Places of worship and locations run by volunteers

The Protect Duty puts all places of worship in the standard tier regardless of their capacity, except for a small number across all faiths that charge tourists for entry or hire out their premises for large-scale commercial events.

Some charities, community groups and social enterprises may own or operate premises (museums, national trust sites, and substantial public venues) that they hire out for commercial purposes. Since these are most likely to fall below the 800+ capacity limit, the Government considers the standard tier requirements proportionate for this cohort.

When will The Protect Duty come into force?

While no date has been given for the implementation of the Property Protect, the Home Secretary, Suella Braverman, reaffirmed the Government’s commitment to publish draft legislation in spring 2023. Those organisations most likely affected by Protect Duty should begin looking at how they protect the public from terror threats as soon as possible. 

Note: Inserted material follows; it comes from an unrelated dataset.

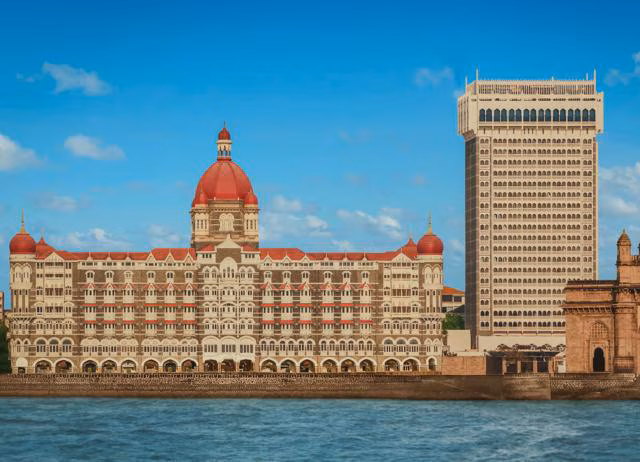 Guests travel by private planes, helicopters and yachts and the meals: A practical reader guide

Protect Duty enforcement and consequences

The Protect Duty will likely involve regular and on-the-spot inspections by an as-yet unidentified inspectorate. Indications are that its approach will be to educate, advise and ensure compliance with financial penalties expected for consistent non-compliance. If a terrorist incident does occur and lives are lost, a venue’s operators could be prosecuted under the Corporate Homicide or Corporate Manslaughter Act.

What you can do now

If you believe that the Protect Duty applies to your organisation, you should speak to your broker and ask them to review your policy wording to ensure there is sufficient cover in the event of a terror incident. Conducting a risk assessment in light of the new legislation and its requirements is also worth considering to identify and address any potential security vulnerabilities.